For this exercise, write each entry below out precisely and omit the pictures.

####

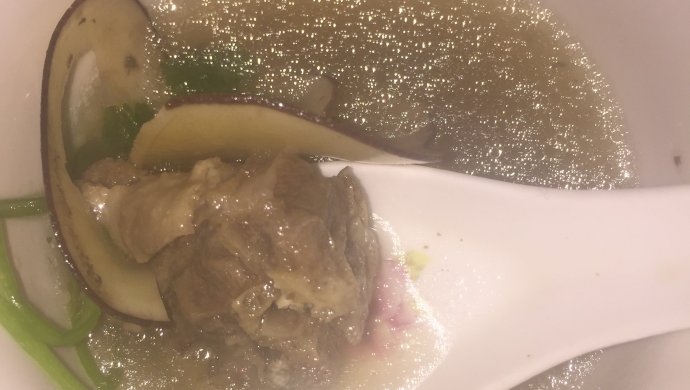 鸭肉炖海底椰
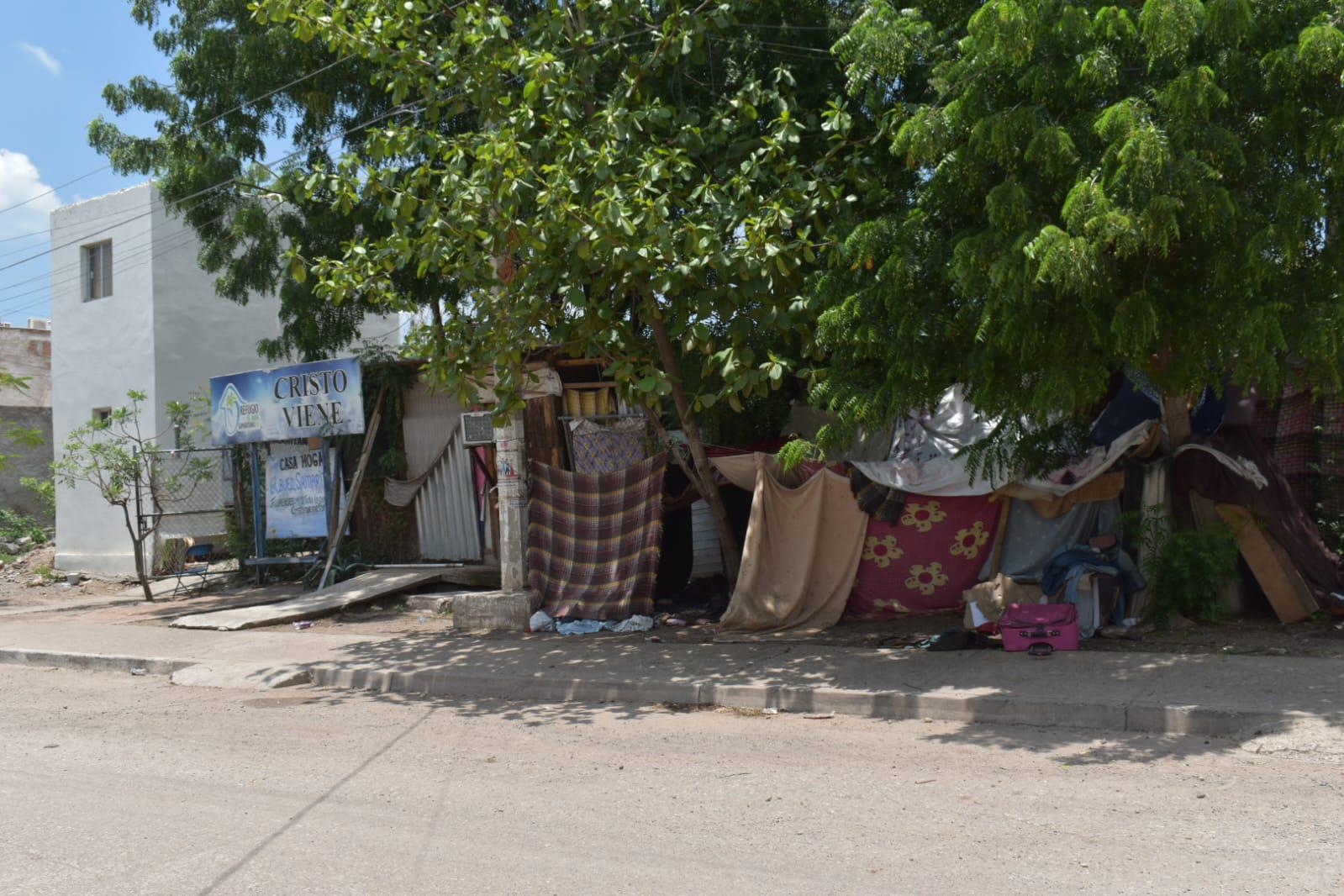 $!En Culiacán, abuelitos del refugio El Buen Samaritano duermen en la intemperie; solicitan apoyos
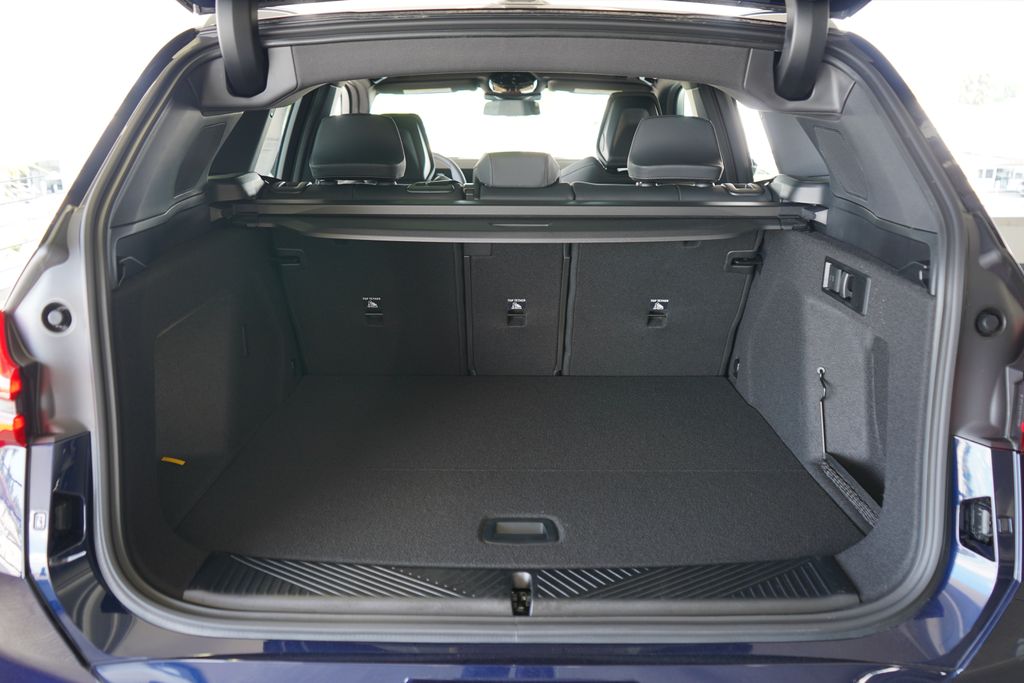 Thumbnail: 2026 BMW X3 - 21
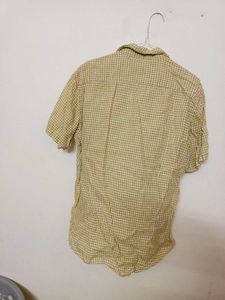 Classic Checkered Short Sleeve Shirt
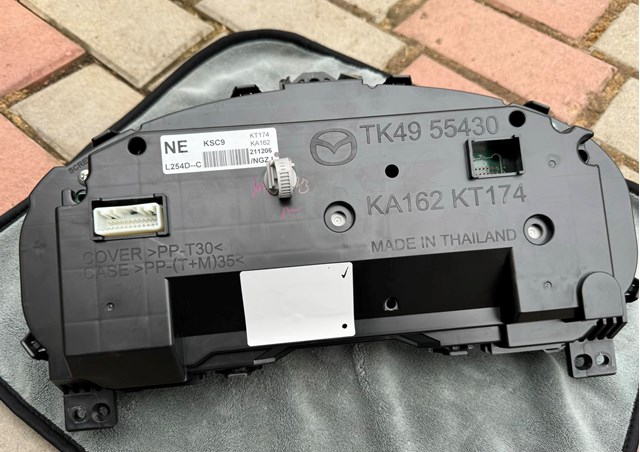 Painel de instrumentos (quadro de instrumentos) TK4955430 Mazda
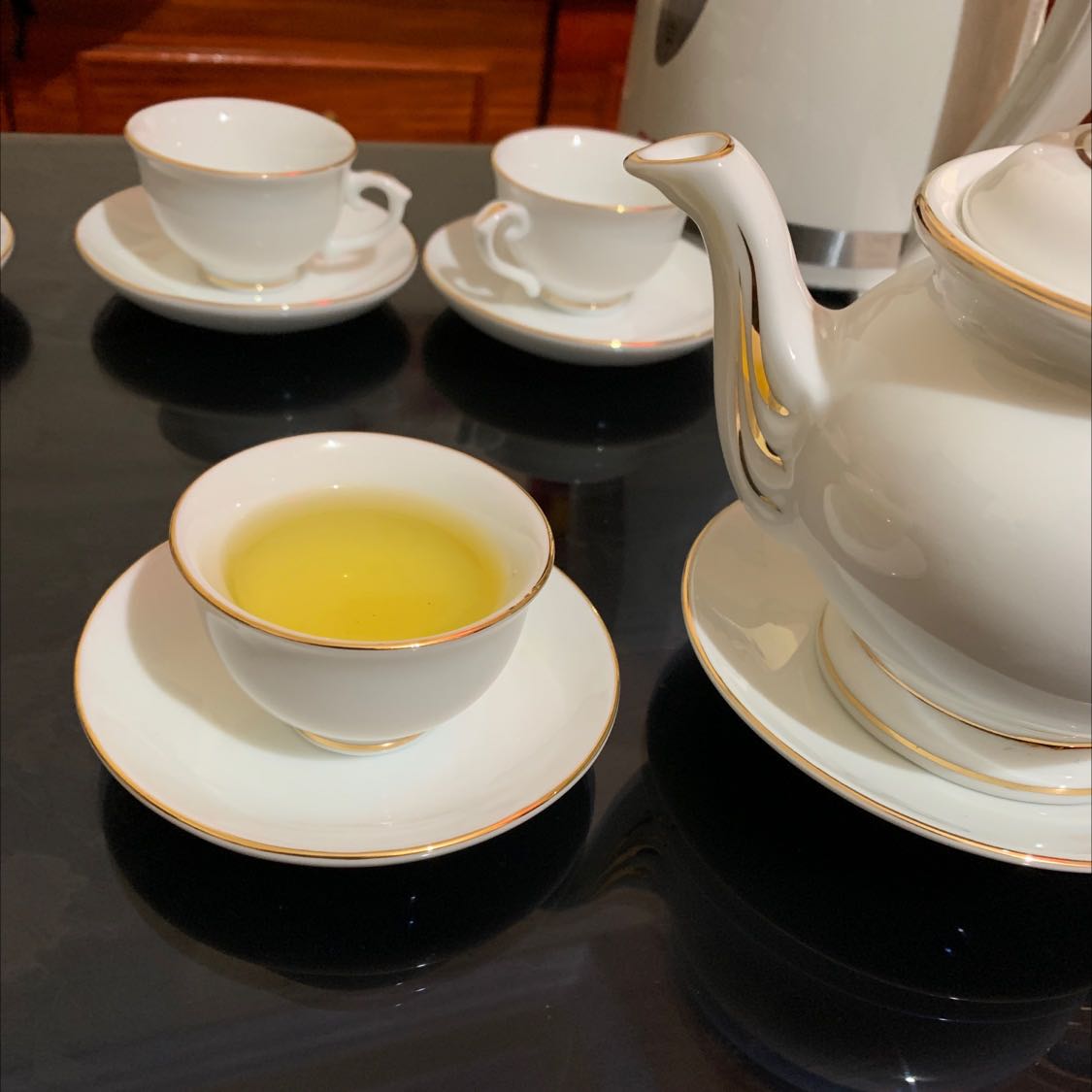 Bộ ấm chén quá đep. Men trắng mịn và thiết kế vừa vặn mãu uống trà . Shop lại gói rất cẩn thận chu đáo nên vận chuyển về nhà nguyên bộ. Định k viết đánh giá mà phải viết để người khác còn biết mà mua . Cảm ơn shop nha trời lạnh nằm uống trà đọc sách cho shop 5 sao và cả trái ❤️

####

Reply to the task -
 鸭肉炖海底椰
 $!En Culiacán, abuelitos del refugio El Buen Samaritano duermen en la intemperie; solicitan apoyos
 Thumbnail: 2026 BMW X3 - 21
 Classic Checkered Short Sleeve Shirt
 Painel de instrumentos (quadro de instrumentos) TK4955430 Mazda
 Bộ ấm chén quá đep. Men trắng mịn và thiết kế vừa vặn mãu uống trà . Shop lại gói rất cẩn thận chu đáo nên vận chuyển về nhà nguyên bộ. Định k viết đánh giá mà phải viết để người khác còn biết mà mua . Cảm ơn shop nha trời lạnh nằm uống trà đọc sách cho shop 5 sao và cả trái ❤️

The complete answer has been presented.